В середине тернового куста нашлось пустое место, заросшее мягкой травой и ежевикой, укрывшей меня. Я присела на корточки и застыла, дрожа от страха и боли. Я сделала это, но ох, какой ценой. Я слышала, как они кричали и хлестали ветки терновника палками. Как будто я была настолько глупа, чтобы оставить свое убежище! Они обзывали меня, но не могли меня разглядеть и даже не были уверены, что я все еще там. Я не издавала ни звука, просто открыла рот и запрокинула голову, чтобы остановить кровь. Во рту что-то порвалось, кусок кожи, который шел от внутренней части языка к нижней челюсти. Больно. Много крови.

Позже, когда они ушли, и я попыталась выплюнуть кровь, стало еще больнее. Мой язык теперь болтался во рту, как кусок кожи на старом ботинке. Когда день склонился к вечеру и тени удлинились, я выползла из своего колючего приюта. Я вернулась в поместье длинной петляющей тропинкой. Я остановилась у ручья и смыла кровь с губ. Когда я спустилась к столу, оба родителя пришли в ужас при виде моих растущих синяков на лице и заплывшего левого глаза. Мама спросила, как это случилось, но я только покачала головой и даже не попыталась заговорить. Поела я немного. Свободно болтающийся язык мешал мне. Дважды я укусила себя, после чего сдалась и сидела, глядя на недоступную еду. В течение следующих пяти дней мне трудно было есть, и язык ощущался как странный лоскут, болтающийся во рту.

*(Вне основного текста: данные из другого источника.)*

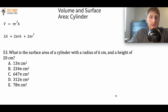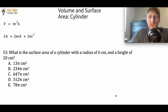So now we're going to do surface area of a cylinder. The question is: what is the surface area of a cylinder with a radius of 6 centimeters and a height of 20 centimeters? Let me give you a chance to pause the video and try to figure this out, and whenever you're ready we'll go over the answer.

И все же, все же это был путь, который я выбрала. А когда боль утихла, я была потрясена тем, как свободно может двигаться мой язык. В одиночестве, по ночам, когда мама думала, что я сплю, я упражнялась, проговаривая слова. Звуки, которые ускользали от меня прежде, слова, неожиданные в начале и быстрые в конце, стали мне доступны. До сих пор я не разговаривала, но теперь это был мой выбор, а не необходимость. С мамой я начала говорить более четко, но все-таки очень тихо. Почему? Потому что я боялась изменения, которое сотворила в себе. Уже мой отец посматривал на меня по-другому, ведь он видел, что я могу держать перо. И смутно догадывался, что девочки осмелились напасть на меня, потому что я надела розовое платье, чем заявила свой высокий статус, которого, как они считали, я не заслуживаю. Если я начну говорить, отступятся ли от меня слуги, милая кухарка Натмег и наш важный дворецкий? Я боялась, что речь сделает меня еще большим изгоем, чем сейчас. Я так жаждала общения хоть с кем-нибудь. Это могло привести меня к гибели.

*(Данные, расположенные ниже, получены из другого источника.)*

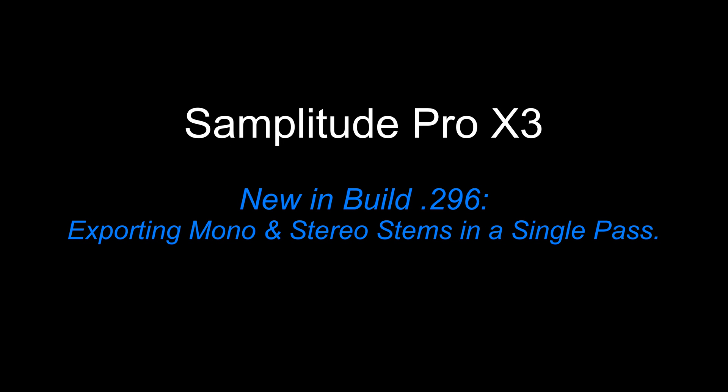Samplitude Pro X3. New in build 296. Exporting mono and stereo stems in a single pass.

Я должна была усвоить урок из всего случившегося. Я этого не сделала. Я была одинока, а в одиноком сердце поселяется голод, который сильнее здравого смысла и гордости. Лето продолжалось, рот зажил, и я снова начала подсматривать за детьми. Поначалу я наблюдала за ними на расстоянии, но было слишком неудобно рассматривать их издалека, где я не могла услышать, что они говорят или увидеть, что они делают. Потом я научилась обгонять их и забираться на дерево, чтобы сверху смотреть на их игры. Я думала, что это очень умно.

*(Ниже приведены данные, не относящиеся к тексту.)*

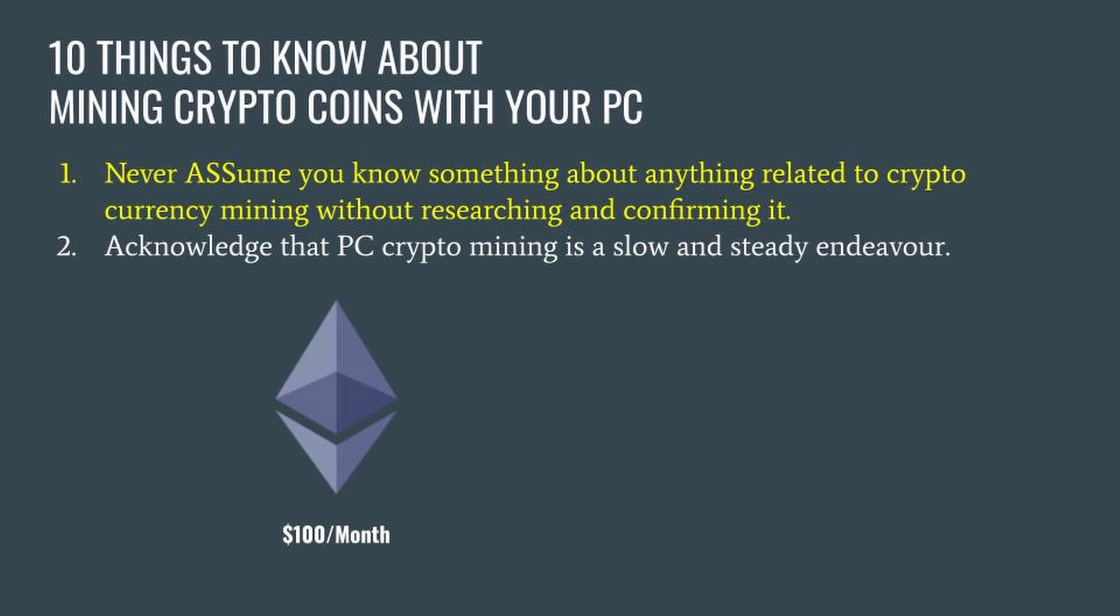Now I'm not a financial advisor and we all know the price of Ethereum goes up and down, thus the value of any Ethereum coin you hold will fluctuate, but you see what I'm getting at.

Это могло плохо закончиться. Так оно и вышло. Этот день, яркий, как сон, я отлично помню. Они заметили меня, когда я чихнула. Сначала они кидались в меня, и хорошо, что желуди и шишки были лучшими из боеприпасов, которые Таффи смог найти. Потом я решила залезть повыше. Но дерево, достаточно тонкое для маленького ребенка, было слишком слабое для трех детей, трясущих его. Какое-то время я болталась на верхушке, а потом упала по широкой дуге и приземлилась на спину. Оглушенная, беспомощная, я лежала и никак не могла вздохнуть. Они замолкли и, пораженные, подкрались ко мне.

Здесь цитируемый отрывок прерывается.